The mentioned answer also pointed out that strictly speaking $S$ is not a set, but a field and thus $S$ should actually be substituted with $(S,+,-,*,/,-,^{-1})$, but that basically nobody does that either.
Questions
I was told that I should call $X$ the "underlying set of the vector space". But what then is a vector? It is often set that "a vector is an element of a vector space", but I think it would be more correct to say that "a vector is a element of the underlying set of a vector space". Is that correct or am I removing the right to call such an element "a vector" once I forget the property of vectoriness, when I say "the set of the underlying vector space". I mean "the set of the underlying vector space" is just a set. Maybe I am not forgetting this though, because I said "underlying"... maybe I am just being pedantic even for a math-person.
Ok, let's assume that "a vector is a element of the underlying set of a vector space". Isn't $X$ then a set of vectors (in contrast with the vecor space, which is not a set)? Could I say then that $X$ is a "vector set" instead of saying that it is the the "underlying set of a vector space"? That would be much shorter... But maybe I am also making a mistake here, because this will be confused with a set of any vectors (so, e.g. a subset of $X$) or alternatively confused with the vectors that are used for a "span of a set of vectors".
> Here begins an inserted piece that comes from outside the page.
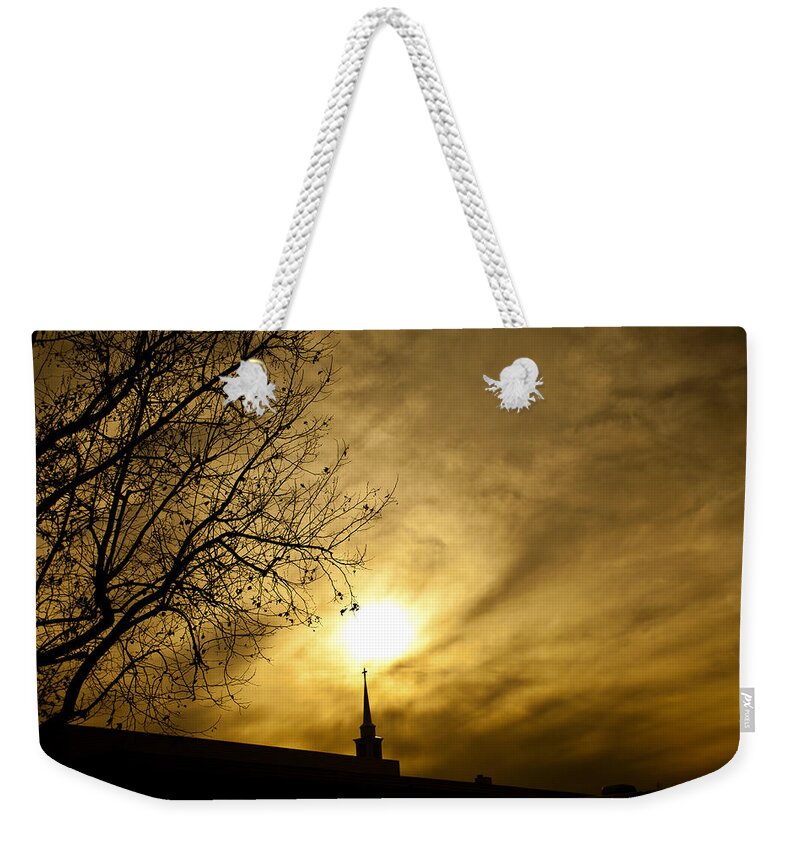 Church Steeple Weekender Tote Bag featuring the photograph Church Steeple Clouds Parting by Jerry Cowart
Let's say my vector space is also an Euclidean space. Could I say that, if $X=\mathbb R^n$, $X$ is the "Euclidean spaced set" or do I have to go route of writing in my publications that "$X$ is the underlying set of an Euclidean space"?
Regarding my publication: In one passage I write "... which can be expressed as vectors in nine-dimensional Euclidean space." which seems wrong to me now. I think it should be "... which can be expressed as vectors in nine-dimensional Euclidean spaced set" if the above is correct.
In another passage I write "the dataset was linearly mapped into a vector space of higher dimension and added with Gaussian noise" which also seems very wrong now. How do I write this correctly?